A federal judge has tossed out a lawsuit accusing Apple of “iBricking” the iPhone.
To boost sales of the iPhone 4, Apple told owners of its third-generation iPhone to download an operating system that the company knew would turn the 3G phones into a “device with little more use than that of a paper weight,” unhappy customers said in a Superior Court class action last year.
Lead plaintiff Bianca Wofford said Apple told owners of its 3G and 3GS iPhones that the new iOS4 operating system was an upgrade. But she says the “upgrade” made her phone slow and susceptible to crashes, turning an iPhone into an “iBrick.”
“In essence, Apple knowingly and intentionally released what it called a system software ‘upgrade’ that, in fact, made hundreds of thousands of third generation iPhones that were exclusively tethered to AT&T data plans ‘useless’ for their intended purpose,” according to the complaint.
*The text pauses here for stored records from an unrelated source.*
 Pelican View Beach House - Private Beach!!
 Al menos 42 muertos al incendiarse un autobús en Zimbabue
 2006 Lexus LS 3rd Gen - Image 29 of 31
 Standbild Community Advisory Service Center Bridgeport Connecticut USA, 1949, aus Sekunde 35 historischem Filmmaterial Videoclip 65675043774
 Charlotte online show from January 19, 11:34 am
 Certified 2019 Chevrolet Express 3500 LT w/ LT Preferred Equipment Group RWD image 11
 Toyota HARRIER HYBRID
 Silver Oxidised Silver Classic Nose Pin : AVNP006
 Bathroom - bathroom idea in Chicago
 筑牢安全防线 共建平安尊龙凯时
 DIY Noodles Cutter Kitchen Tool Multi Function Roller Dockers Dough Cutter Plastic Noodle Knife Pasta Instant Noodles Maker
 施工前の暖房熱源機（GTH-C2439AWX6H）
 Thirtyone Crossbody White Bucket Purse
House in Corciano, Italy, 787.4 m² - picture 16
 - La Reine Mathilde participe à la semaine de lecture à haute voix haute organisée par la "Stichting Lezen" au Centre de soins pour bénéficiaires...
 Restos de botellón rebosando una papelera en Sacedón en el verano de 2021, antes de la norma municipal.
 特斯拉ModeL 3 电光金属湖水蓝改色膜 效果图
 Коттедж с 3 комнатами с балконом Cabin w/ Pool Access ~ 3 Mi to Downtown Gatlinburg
It continued: “Since the release of iOS4 in conjunction with the sale and release of the fourth generation iPhone, or the iPhone 4 in June 2010, Apple has falsely, intentionally and repeatedly represented to owners and consumers of the iPhone 3G that its new operating system for the device, iOS4, was of a nature, quality, and a significant upgrade for the functionality of all iPhone devices, when in fact, the installation and use of iOS4 on the iPhone 3G resulted in the opposite – a device with little more use than that of a paper weight.”
Wofford sought restitution, disgorgement of Apple’s ill-gotten gains, and damages for false and deceptive advertising, unfair competition, and violations of state consumer protection laws.
In his order issued Wednesday, Judge Anthony J. Battaglia ruled that the free software upgrade did not amount to a “sale or lease” under California’s Consumer Legal Remedy Act, and therefore the act didn’t apply, reports “mocoNews” (http://macte.ch/li7cT). The judge also found that software did not qualify as a “good or service” under the law, and that Wofford’s related claims for false advertising and deceptive business practices were not valid either. Battaglia concluded that the claim should be dismissed but did allow Wofford 30 days to submit an amended complaint.